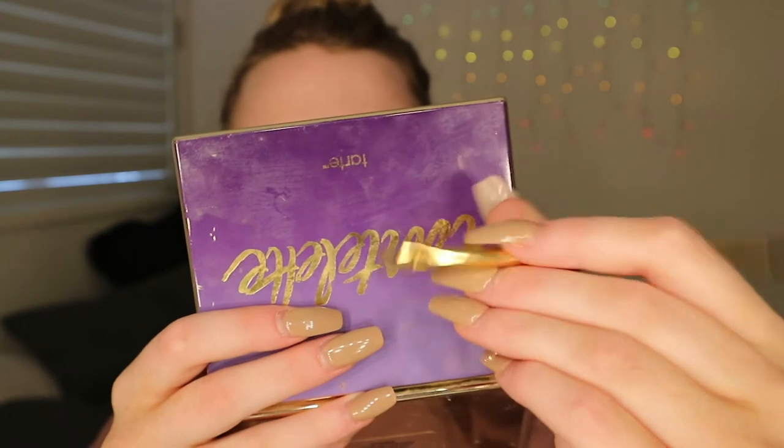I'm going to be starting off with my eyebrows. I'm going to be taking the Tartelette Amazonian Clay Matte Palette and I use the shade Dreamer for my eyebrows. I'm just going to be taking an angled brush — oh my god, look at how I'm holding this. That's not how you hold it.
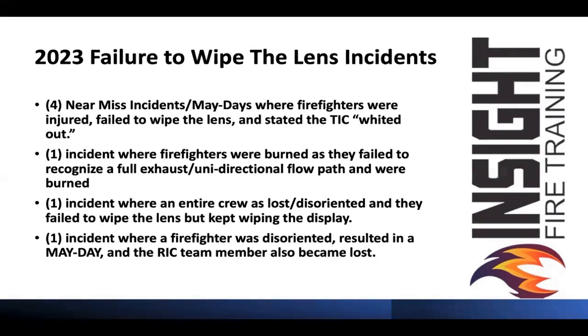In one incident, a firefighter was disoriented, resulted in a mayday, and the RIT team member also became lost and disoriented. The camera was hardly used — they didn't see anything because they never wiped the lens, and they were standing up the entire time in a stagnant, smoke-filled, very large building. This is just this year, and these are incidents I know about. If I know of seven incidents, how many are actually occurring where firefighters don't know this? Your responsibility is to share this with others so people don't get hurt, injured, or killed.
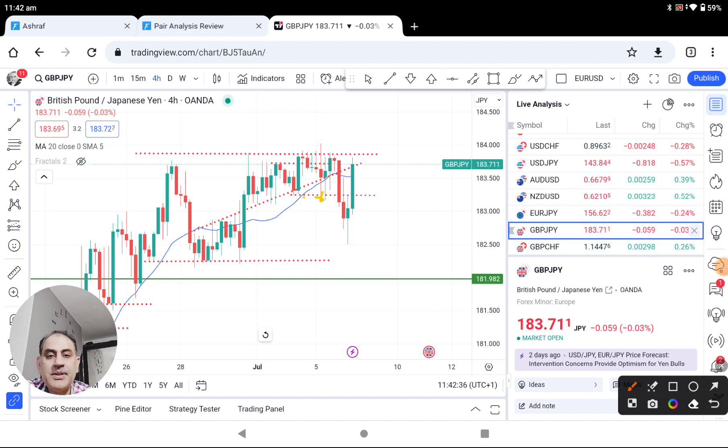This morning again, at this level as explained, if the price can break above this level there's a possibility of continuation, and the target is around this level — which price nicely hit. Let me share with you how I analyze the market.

--

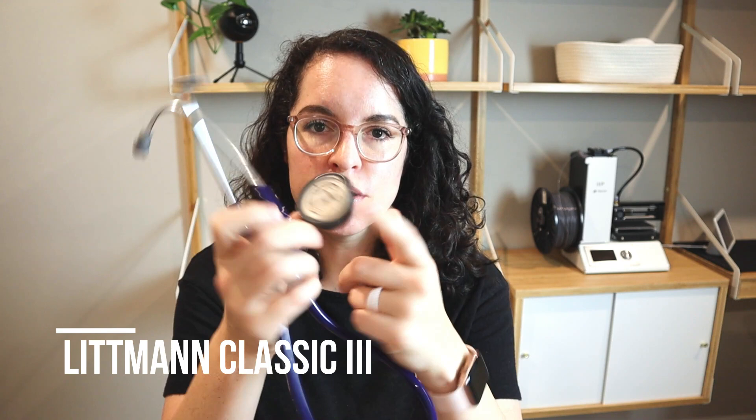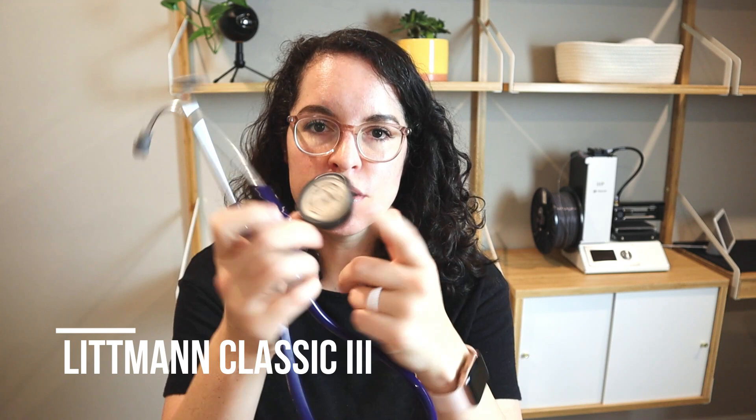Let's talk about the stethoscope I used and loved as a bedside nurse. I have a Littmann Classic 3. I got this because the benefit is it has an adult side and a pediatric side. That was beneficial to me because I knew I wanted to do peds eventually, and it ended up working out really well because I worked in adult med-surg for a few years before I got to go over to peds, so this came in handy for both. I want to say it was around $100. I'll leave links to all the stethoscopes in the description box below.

--

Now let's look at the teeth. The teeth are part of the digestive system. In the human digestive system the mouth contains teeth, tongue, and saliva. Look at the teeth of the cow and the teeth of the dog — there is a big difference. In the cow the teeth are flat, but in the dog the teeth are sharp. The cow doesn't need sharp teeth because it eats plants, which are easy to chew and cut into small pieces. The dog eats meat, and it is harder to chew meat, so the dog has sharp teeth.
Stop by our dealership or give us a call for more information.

--

**EXERCISE OBJECTIVE**
In the records above, find the line with "In one incident, a" and the line with "This morning again, at". Write out exactly those lines and every one between, with no pictures and no other lines.

**TASK RESPONSE**
In one incident, a firefighter was disoriented, resulted in a mayday, and the RIT team member also became lost and disoriented. The camera was hardly used — they didn't see anything because they never wiped the lens, and they were standing up the entire time in a stagnant, smoke-filled, very large building. This is just this year, and these are incidents I know about. If I know of seven incidents, how many are actually occurring where firefighters don't know this? Your responsibility is to share this with others so people don't get hurt, injured, or killed.
This morning again, at this level as explained, if the price can break above this level there's a possibility of continuation, and the target is around this level — which price nicely hit. Let me share with you how I analyze the market.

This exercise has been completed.